What motivated data mining

Data mining

Table of Contents

  1. Concept and motivation
  2. Objective and classification
  3. Components
  4. Areas of application
  5. Problems and Outlook

Concept and motivation

Data mining is understood to mean the application of methods and algorithms for the automatic extraction of empirical relationships between planning objects, the data of which is made available in a database set up for this purpose. For example, it can be determined which products are often bought together (typical shopping carts) or which factors are decisive for customer loyalty. The efforts to use data mining are motivated by the obvious gap between the amounts of data collected and available in a company, as made possible by ERP systems and modern integrated company databases, and the clumsiness of this potential for tactical and strategic company decisions and the management process use. “We are drowning in data but starving for knowledge” is a statement that vividly outlines this phenomenon. So you need efficient analysis instruments that "dig out" the interesting and important statements from the data sets in order to generate knowledge that goes beyond the usual key figures in controlling as aggregates of large data sets.

Objective and classification

The objective is to identify those relationships in the data that are interesting and useful for the decision maker, i.e. that help improve their decisions. What needs to be solved here is the nontrivial problem of operationalizing the interest and usefulness of statements. The use of statistical significance is certainly not sufficient for this.

Integrated methods and procedures of artificial intelligence and statistics as well as models of the application area are used in data mining. In contrast to the classic approaches from these areas, data mining does not only cover the testing of manually created hypotheses, but also the generation of new hypotheses. The data minig is part of a comprehensive process called Knowledge Discovery in Databases (KDD).

Components

Data mining practices include the following components:

Data access: A data mining process must be able to access the company data. Ideally, this is done via the ODBC interface. This is usually preceded by a concentration on a certain area of ​​analysis (e.g. customer segmentation), whose characterizing data is summarized in a specially created database (data warehouse) or in a data table.

Model type: The model type determines on the one hand the type of hypotheses that can be generated and on the other hand the size of the solution space for data mining processes. In data mining, simple rule models in the form of if-then statements are often used. Decision trees are a frequently used form of representation of special sets of rules. More complex methods are based on predicate logic or use special neural networks such as Kohonen networks.

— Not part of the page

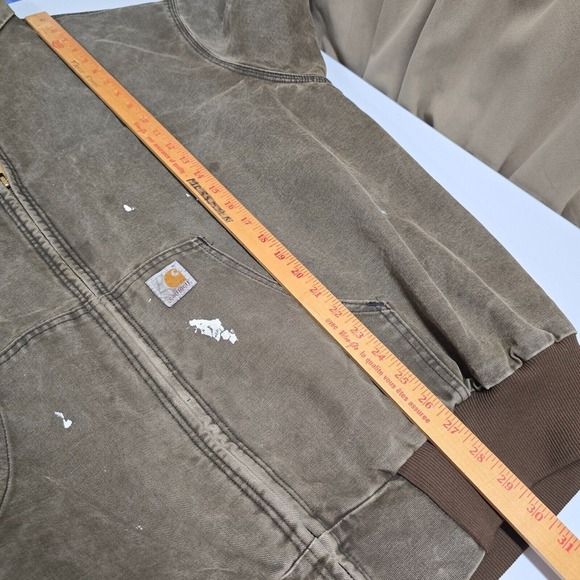 Carhartt Jacket Mens 3XL Green Canvas Quilted Workwear Distressed Vintage JQ142 - Picture 14 of 15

- Interest rate: In data mining, the problem arises of evaluating the patterns found in terms of their interest for a specific application. This measurement problem is solved by separating the interest measurement into several, as independent as possible, measured variables. This includes e.g. the conspicuity: the more a statement deviates from other (average) statements, the more interesting it is. In addition, the more general a statement is, the more interesting it is. Furthermore, the value of a statement depends on the objective of the decision maker. The statements must apply with a certain probability, i.e. they must be valid. The type of presentation influences the interpretability and thus the comprehensibility of the patterns. The potential usability of a statement is ultimately expressed by its operationality.

- Search procedure: The task of the search procedure is to search the solution space for the most interesting model (i.e. for the most interesting set of statements). The more complex the models of the selected model type can become, the greater the solution space for data mining. As a rule, such a solution space cannot be searched using exact procedures, so that a heuristic search procedure must be selected.

Areas of application

Data mining offers a range of application potentials for description, explanation and forecasting models. For example, the identification of buyer profiles (e.g. for cross selling) or market segmentation are application examples for description models. Association statements such as the shopping basket analysis and characterization statements such as the determination of the success determinants of a website belong to the group of explanatory models. The forecast models include direct forecast tasks such as the forecast of contract terms for insurance companies or the forecast of exchange rates for financial planning, as well as classification tasks such as the diagnosis of errors or diseases and the (classification) assessment of employees or the classification of a policyholder in a specific one Tariff class.

Problems and Outlook

The objective of data mining often results in extremely large solution spaces which, together with the complex algorithms, lead to long runtimes. Looking at the currently available data mining tools, the problem arises that the components of data access and interest assessment have only been implemented in rudimentary form in these tools. The operationalization of the aspect of interest and its measurement, which control the extraction process, are also often the subject of controversial discussions. Furthermore, the (ideal) requirement for autonomous extraction of patterns from data stocks can only be fulfilled with difficulty without knowledge of the environment, the potential connections and the use of the statements obtained. In practical cases, defects such as missing or incorrect data can be found in the database itself, which could negatively affect the results of data mining, so that preparatory data cleansing measures are necessary.

Upcoming data mining tools will reduce the problems addressed. There will be further developments in all four of the above components. Attempts to transfer data mining from structured to less structured databases, such as texts, images or HTML documents, are also interesting.